Task brief: Copy, word for word, the lines below from the one containing "Vintage Yellow Herda" up to and including the one containing "Dolce & Gabbana", with pictures left out.

Supplied material:
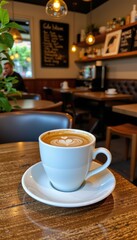 Morning Coffee Latte Art in Cozy Cafe: Perfect for Text Overlay, Coffee Shop Ambiance, and Beverage Advertising (Wide Angle).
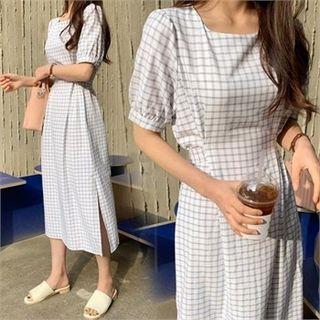 Round-neck Tie-waist Checked Dress White - One Size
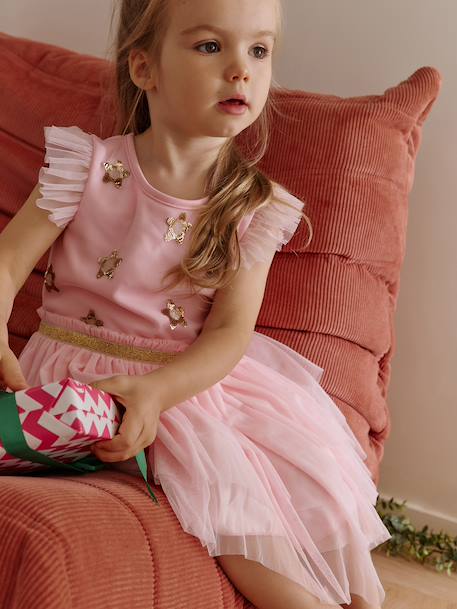 Princess Dress with Stars Costume blue+rose 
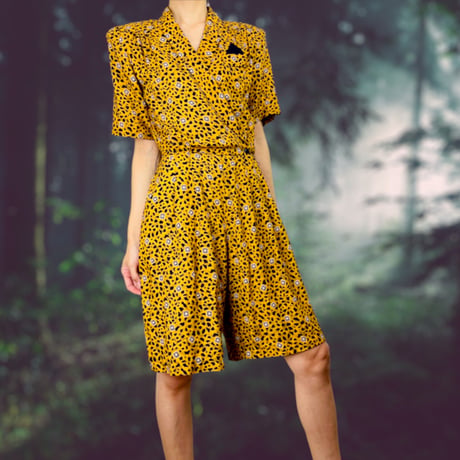 80’s Double Breasted Leopard Print Romper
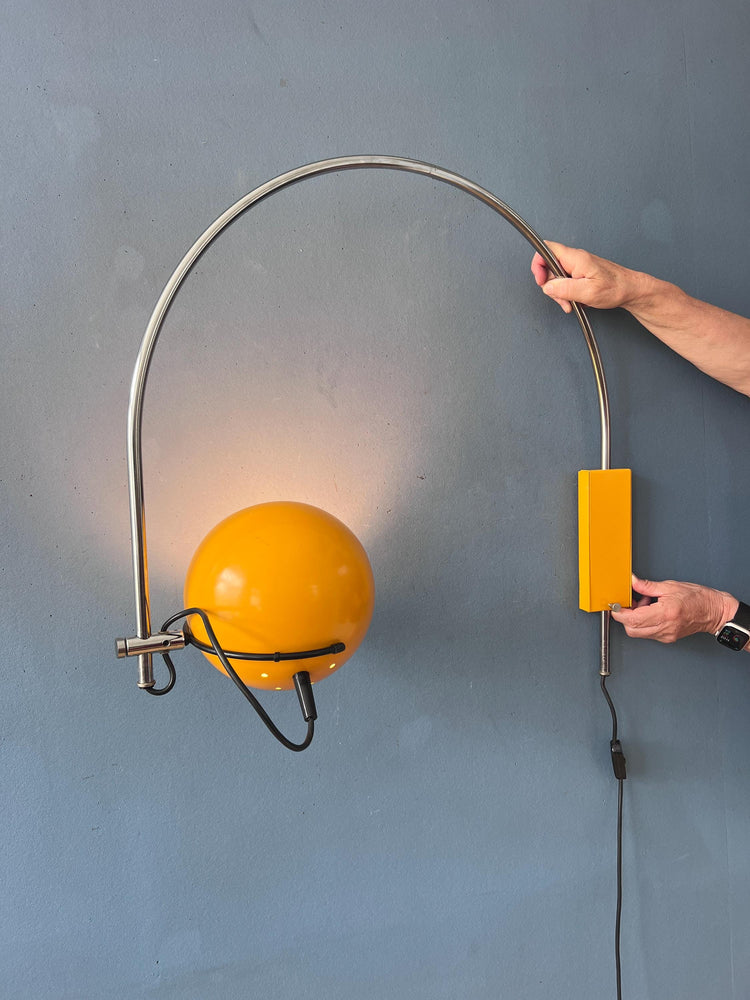 Vintage Yellow Herda Mid Century Arc Eyeball Wall Lamp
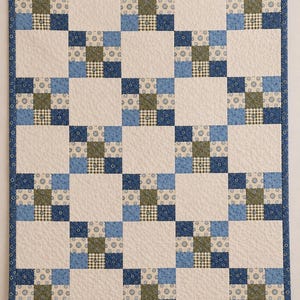 Easy Scrappy Nine Patch Quilt Pattern PDF | 4 Sizes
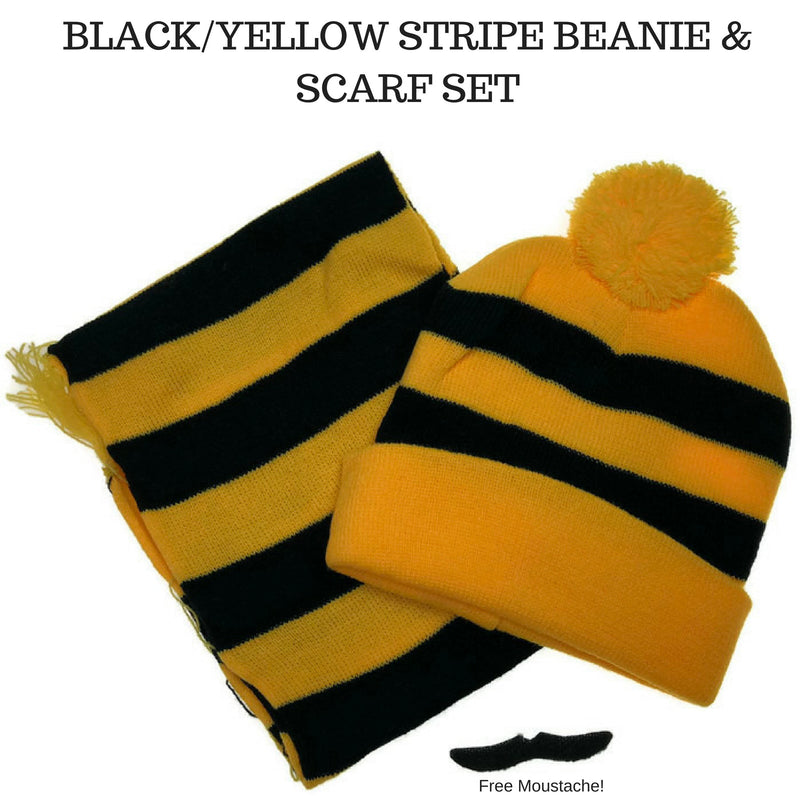 Tigers Beanie Hat & Scarf Set Party Costume w Moustache Warm Winter - Black/Yellow Stripe Payday Deals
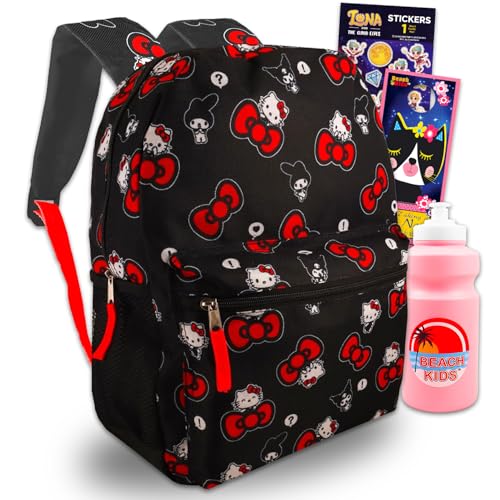 Hello Kitty Backpack for Girls - Bundle with 16” Hello Kitty School Backpack with Front Pocket Plus Water Bottle, Stickers, More | Hello Kitty Backpack for School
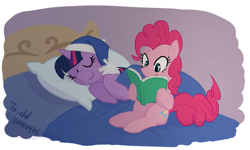 Size: 1533x917 | Tagged: safe, artist:siemensohm, imported from derpibooru, pinkie pie, twilight sparkle, earth pony, pony, unicorn, bed, book, duo, duo female, female, hat, horn, in bed, mare, nightcap, reading, sitting on bed, sleeping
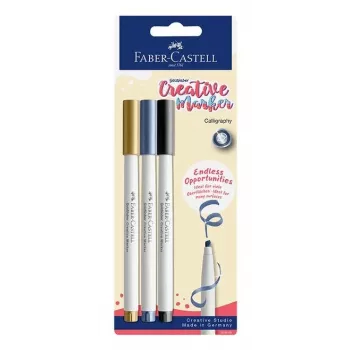 Conjunto de marcadores Faber-Castell Goldfaber Creative, 3 unid., base de água, ponta de pincel, várias cores (preto, cinzento, branco), blister 160905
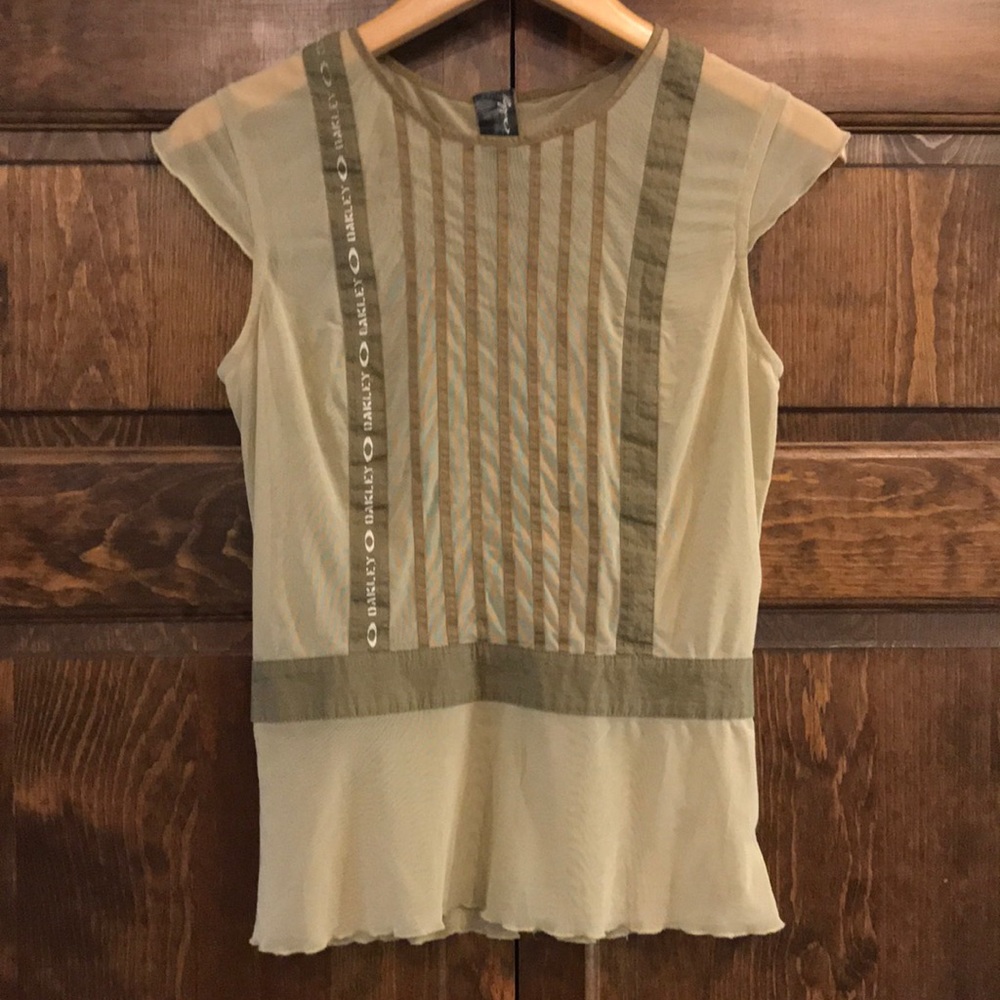 Oakley sheer pale green and tan chic top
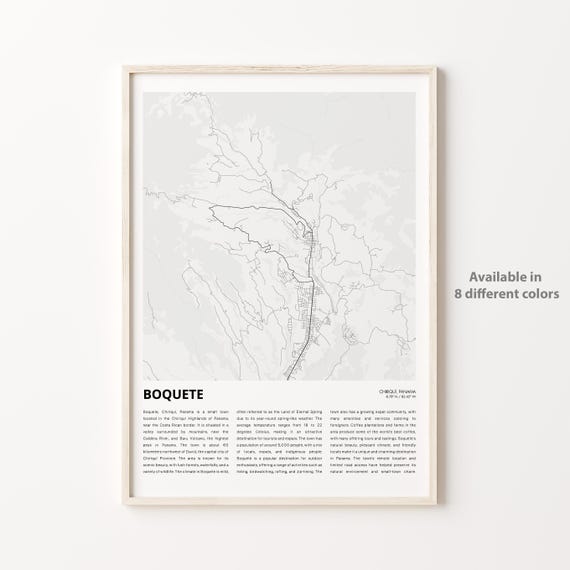 Boquete Map Print Travel Wall Decor Art Chiriqu Housewarming Gift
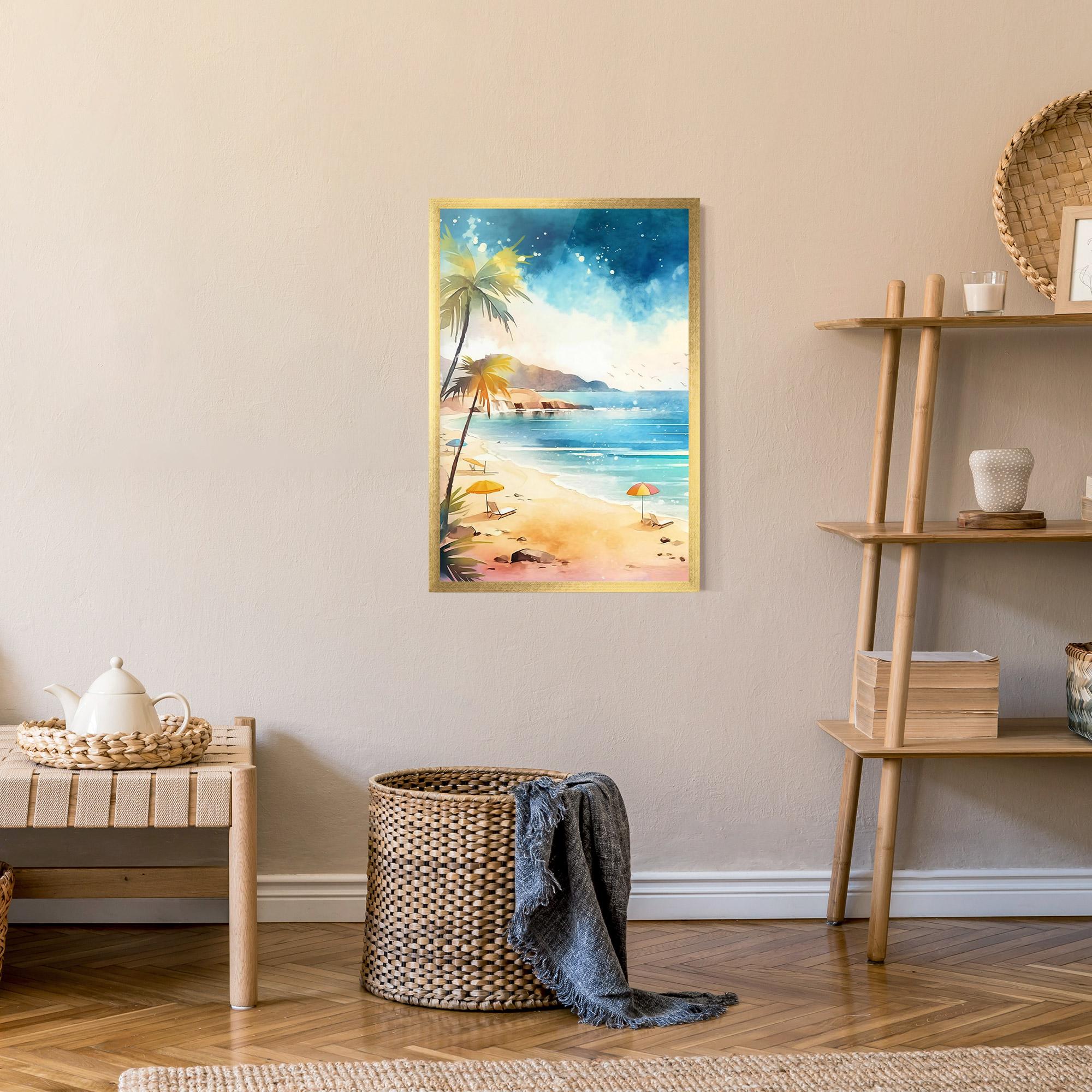 Keretezett Poszter Umbrellas Beach Art mockup 9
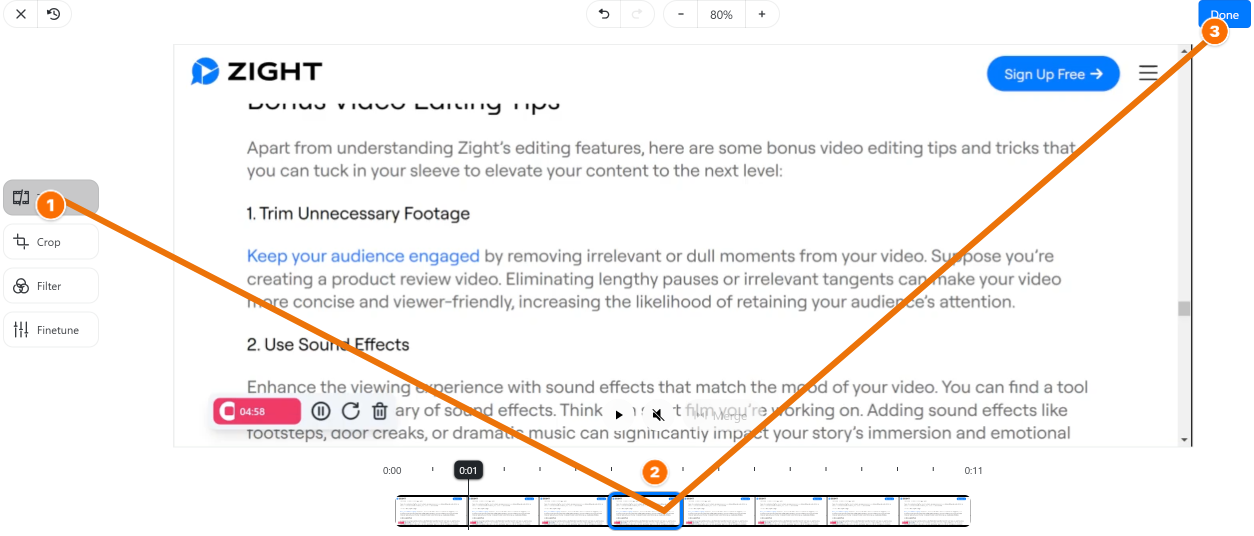 Trimming a Video Section with Zight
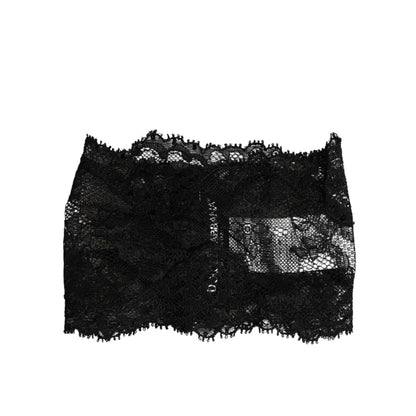 Dolce & Gabbana Black Lace Bandeau Bustier Top Sheer Stretch Underwear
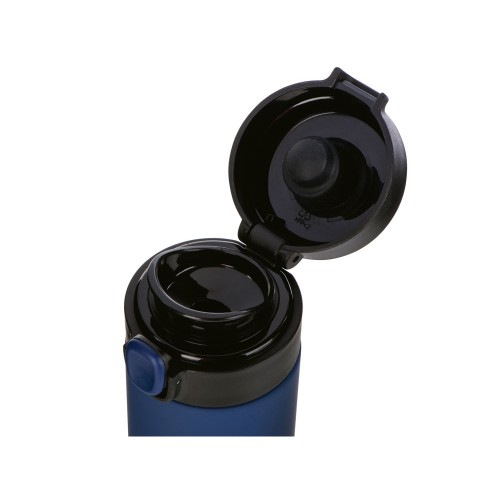 Вакуумная термокружка Waterline c кнопкой «Guard», 400 мл, тубус, темно-синий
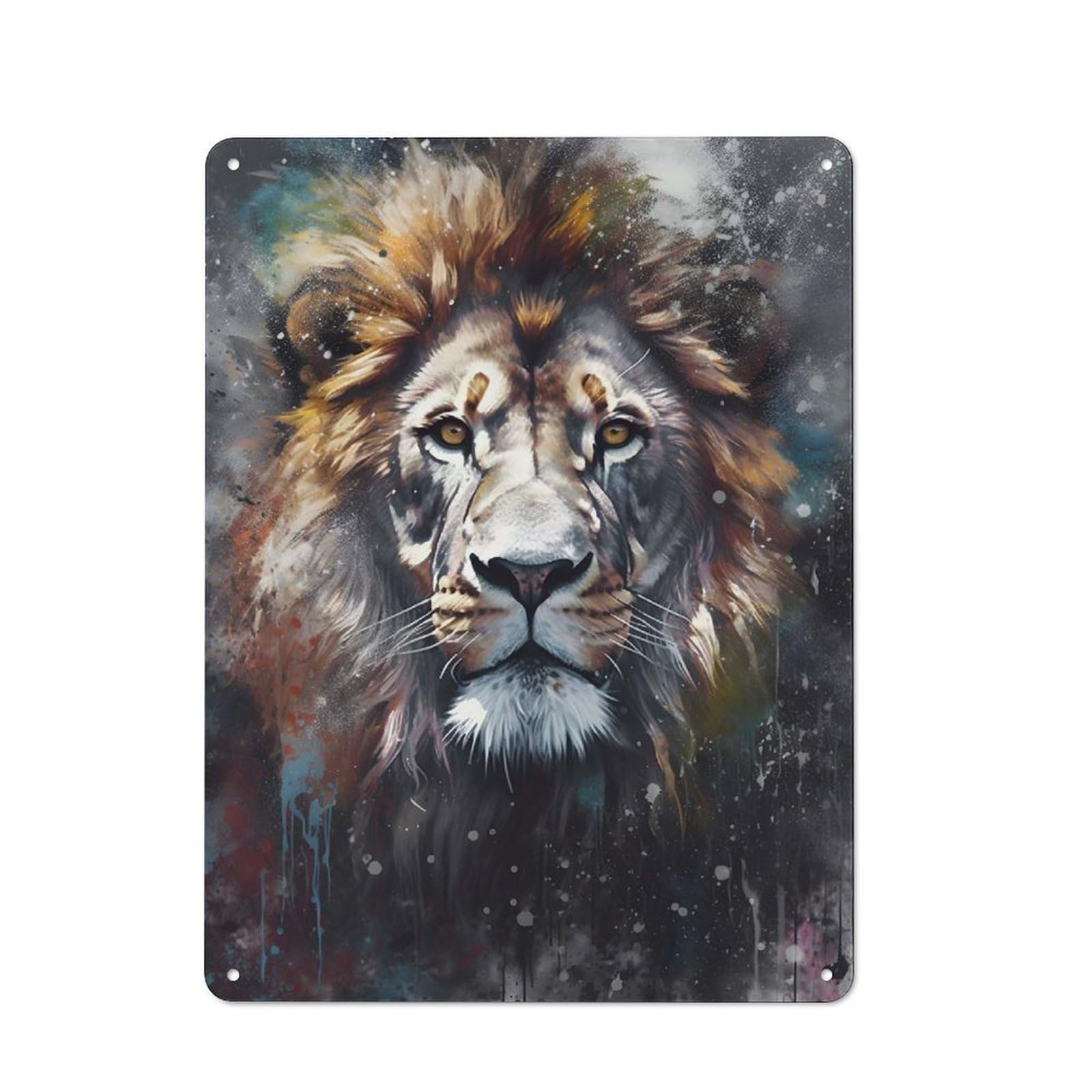 Junmoney Colorful Lion Portrait Metal Plaque 40X30cm With For Pub Or Café, Rustic Decor, For Pub Decor Enthusiasts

Solution to this exercise:
 Vintage Yellow Herda Mid Century Arc Eyeball Wall Lamp
 Easy Scrappy Nine Patch Quilt Pattern PDF | 4 Sizes
 Tigers Beanie Hat & Scarf Set Party Costume w Moustache Warm Winter - Black/Yellow Stripe Payday Deals
 Hello Kitty Backpack for Girls - Bundle with 16” Hello Kitty School Backpack with Front Pocket Plus Water Bottle, Stickers, More | Hello Kitty Backpack for School
 Size: 1533x917 | Tagged: safe, artist:siemensohm, imported from derpibooru, pinkie pie, twilight sparkle, earth pony, pony, unicorn, bed, book, duo, duo female, female, hat, horn, in bed, mare, nightcap, reading, sitting on bed, sleeping
 Conjunto de marcadores Faber-Castell Goldfaber Creative, 3 unid., base de água, ponta de pincel, várias cores (preto, cinzento, branco), blister 160905
 Oakley sheer pale green and tan chic top
 Boquete Map Print Travel Wall Decor Art Chiriqu Housewarming Gift
 Keretezett Poszter Umbrellas Beach Art mockup 9
 Trimming a Video Section with Zight
 Dolce & Gabbana Black Lace Bandeau Bustier Top Sheer Stretch Underwear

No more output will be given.